- Directed by: Robert McKimson
- Story by: David Detiege
- Produced by: David H. DePatie Friz Freleng
- Starring: Mel Blanc Gonzales Gonzales
- Edited by: Lee Gunther
- Music by: Bill Lava
- Animation by: Warren Batchelder Bob Matz Manny Perez
- Layouts by: Dick Ung
- Backgrounds by: George DeLado
- Color process: Technicolor
- Production company: DePatie–Freleng Enterprises
- Distributed by: Warner Bros. Pictures The Vitaphone Corporation
- Release date: November 20, 1965;
- Running time: 6 minutes
- Language: English

= Go Go Amigo =

Go Go Amigo is a 1965 Warner Bros. Merrie Melodies cartoon directed by Robert McKimson. The short was released on November 20, 1965, and stars Daffy Duck and Speedy Gonzales.
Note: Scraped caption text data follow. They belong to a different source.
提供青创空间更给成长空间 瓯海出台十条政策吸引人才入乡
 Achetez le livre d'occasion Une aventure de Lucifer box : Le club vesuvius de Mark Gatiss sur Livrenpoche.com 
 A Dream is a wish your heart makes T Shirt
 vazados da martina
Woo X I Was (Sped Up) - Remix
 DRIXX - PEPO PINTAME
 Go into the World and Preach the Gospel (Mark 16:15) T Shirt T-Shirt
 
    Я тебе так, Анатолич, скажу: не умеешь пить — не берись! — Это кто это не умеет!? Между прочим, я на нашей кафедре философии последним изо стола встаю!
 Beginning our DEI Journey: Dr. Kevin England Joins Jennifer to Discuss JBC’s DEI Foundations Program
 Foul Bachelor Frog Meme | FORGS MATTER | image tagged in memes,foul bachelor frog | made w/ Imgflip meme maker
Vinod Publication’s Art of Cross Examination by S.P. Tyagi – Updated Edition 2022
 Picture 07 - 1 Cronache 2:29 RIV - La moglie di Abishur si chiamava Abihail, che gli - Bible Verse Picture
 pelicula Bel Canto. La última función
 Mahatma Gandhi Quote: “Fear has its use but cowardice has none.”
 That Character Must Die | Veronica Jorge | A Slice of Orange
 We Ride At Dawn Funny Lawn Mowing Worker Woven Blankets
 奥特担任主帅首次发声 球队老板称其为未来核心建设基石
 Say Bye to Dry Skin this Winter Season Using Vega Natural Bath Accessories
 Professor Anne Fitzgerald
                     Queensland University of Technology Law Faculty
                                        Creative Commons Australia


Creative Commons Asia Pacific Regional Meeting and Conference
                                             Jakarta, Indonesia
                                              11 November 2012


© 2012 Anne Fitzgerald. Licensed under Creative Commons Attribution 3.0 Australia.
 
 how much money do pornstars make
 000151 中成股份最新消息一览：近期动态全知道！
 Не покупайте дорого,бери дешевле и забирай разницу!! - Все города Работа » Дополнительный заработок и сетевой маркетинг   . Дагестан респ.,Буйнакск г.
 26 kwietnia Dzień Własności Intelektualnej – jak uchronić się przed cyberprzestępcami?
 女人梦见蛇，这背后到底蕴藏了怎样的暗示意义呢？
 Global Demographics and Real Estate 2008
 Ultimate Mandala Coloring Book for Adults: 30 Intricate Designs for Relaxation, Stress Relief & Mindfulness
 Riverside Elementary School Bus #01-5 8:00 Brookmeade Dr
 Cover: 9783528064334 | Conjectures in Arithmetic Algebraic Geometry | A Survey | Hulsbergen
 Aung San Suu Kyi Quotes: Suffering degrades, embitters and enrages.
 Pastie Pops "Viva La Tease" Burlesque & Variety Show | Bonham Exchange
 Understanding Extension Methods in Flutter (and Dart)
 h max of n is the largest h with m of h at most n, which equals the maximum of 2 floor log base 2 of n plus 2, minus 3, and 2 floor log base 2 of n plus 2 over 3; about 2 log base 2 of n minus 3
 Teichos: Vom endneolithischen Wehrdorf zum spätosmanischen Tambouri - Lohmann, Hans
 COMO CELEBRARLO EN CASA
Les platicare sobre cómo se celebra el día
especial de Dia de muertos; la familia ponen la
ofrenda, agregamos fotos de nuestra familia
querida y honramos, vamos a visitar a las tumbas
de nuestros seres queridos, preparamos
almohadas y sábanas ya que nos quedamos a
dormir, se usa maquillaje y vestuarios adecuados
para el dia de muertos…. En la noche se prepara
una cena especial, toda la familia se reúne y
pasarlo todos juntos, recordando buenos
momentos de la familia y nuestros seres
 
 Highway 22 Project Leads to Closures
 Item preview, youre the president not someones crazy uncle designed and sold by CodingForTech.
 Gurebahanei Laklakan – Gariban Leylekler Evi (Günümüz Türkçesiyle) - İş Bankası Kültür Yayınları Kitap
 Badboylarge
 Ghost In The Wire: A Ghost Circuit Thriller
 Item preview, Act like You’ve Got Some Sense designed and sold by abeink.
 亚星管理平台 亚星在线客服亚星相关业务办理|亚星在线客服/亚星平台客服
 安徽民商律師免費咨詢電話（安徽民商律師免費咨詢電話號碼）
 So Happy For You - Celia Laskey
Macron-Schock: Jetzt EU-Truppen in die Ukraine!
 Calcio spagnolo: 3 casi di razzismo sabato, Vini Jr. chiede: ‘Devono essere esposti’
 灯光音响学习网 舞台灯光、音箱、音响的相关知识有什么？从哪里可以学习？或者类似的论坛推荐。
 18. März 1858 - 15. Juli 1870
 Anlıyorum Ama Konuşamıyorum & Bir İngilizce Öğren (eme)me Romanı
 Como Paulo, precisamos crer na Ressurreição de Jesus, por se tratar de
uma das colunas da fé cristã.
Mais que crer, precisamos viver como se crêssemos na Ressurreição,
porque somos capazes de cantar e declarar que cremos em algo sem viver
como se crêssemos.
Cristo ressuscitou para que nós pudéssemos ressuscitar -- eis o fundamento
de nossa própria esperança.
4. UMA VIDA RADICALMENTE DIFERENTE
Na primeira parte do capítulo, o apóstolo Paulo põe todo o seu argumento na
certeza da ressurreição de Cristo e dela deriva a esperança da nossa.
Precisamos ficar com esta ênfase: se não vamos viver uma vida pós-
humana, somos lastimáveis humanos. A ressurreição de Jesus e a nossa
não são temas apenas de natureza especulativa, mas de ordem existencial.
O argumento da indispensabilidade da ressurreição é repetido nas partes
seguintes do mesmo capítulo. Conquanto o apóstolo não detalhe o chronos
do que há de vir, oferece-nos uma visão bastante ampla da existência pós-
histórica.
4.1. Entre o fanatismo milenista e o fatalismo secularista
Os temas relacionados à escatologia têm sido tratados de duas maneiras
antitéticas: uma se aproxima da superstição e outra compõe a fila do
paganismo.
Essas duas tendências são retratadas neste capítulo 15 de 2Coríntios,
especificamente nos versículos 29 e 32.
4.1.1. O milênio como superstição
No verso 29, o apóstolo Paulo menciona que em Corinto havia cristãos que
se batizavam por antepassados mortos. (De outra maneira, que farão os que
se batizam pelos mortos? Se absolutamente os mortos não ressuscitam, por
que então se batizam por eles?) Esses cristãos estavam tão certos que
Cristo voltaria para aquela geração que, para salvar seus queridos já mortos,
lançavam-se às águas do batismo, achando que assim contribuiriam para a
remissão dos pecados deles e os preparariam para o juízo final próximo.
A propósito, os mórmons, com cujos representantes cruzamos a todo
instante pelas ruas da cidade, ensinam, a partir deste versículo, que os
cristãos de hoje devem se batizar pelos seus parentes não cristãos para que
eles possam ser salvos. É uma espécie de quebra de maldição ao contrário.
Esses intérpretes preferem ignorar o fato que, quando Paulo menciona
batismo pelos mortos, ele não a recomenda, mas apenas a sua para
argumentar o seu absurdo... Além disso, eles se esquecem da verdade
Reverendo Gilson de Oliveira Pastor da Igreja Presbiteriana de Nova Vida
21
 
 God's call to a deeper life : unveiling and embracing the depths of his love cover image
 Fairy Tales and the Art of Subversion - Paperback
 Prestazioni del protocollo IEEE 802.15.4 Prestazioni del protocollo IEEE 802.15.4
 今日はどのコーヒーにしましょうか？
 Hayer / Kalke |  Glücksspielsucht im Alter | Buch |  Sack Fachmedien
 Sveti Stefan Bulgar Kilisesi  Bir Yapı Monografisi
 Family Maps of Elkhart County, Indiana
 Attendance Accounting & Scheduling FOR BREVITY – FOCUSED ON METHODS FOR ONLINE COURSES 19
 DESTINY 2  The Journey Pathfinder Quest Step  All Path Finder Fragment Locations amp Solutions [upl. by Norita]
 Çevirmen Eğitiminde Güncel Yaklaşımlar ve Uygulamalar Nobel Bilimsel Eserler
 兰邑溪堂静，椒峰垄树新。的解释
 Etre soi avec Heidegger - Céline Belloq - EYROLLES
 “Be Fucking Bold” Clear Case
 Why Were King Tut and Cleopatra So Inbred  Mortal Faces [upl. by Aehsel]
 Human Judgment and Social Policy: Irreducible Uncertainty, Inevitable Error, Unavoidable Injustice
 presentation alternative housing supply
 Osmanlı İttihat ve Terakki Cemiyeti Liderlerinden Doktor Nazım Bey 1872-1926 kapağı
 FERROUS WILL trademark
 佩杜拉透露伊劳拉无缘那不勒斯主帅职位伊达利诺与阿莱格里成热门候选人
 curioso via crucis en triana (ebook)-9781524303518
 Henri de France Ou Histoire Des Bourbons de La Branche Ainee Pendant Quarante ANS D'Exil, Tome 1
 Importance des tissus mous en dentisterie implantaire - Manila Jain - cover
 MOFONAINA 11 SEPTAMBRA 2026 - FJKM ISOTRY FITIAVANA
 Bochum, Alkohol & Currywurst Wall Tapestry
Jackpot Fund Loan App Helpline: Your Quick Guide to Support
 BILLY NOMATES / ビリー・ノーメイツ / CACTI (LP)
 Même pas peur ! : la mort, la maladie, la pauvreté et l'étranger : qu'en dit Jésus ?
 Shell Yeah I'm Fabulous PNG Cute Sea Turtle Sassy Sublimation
In this film, Speedy needs music for his birthday party. Daffy is a shop owner who denies him the free use of his radios.

==Plot==
Tired of the local Mexican villagers crowding around his display window to watch a running TV set, Daffy Duck (this time the owner of El Daffy's Radio and TV) turns it off and declares that, to watch TV, they must come in and buy a set.

Meanwhile, in a mousehole in his store, Speedy and his friends are celebrating his birthday. Unfortunately, one thing is missing: music. So Speedy goes into the main storeroom and turns on one of Daffy's radios.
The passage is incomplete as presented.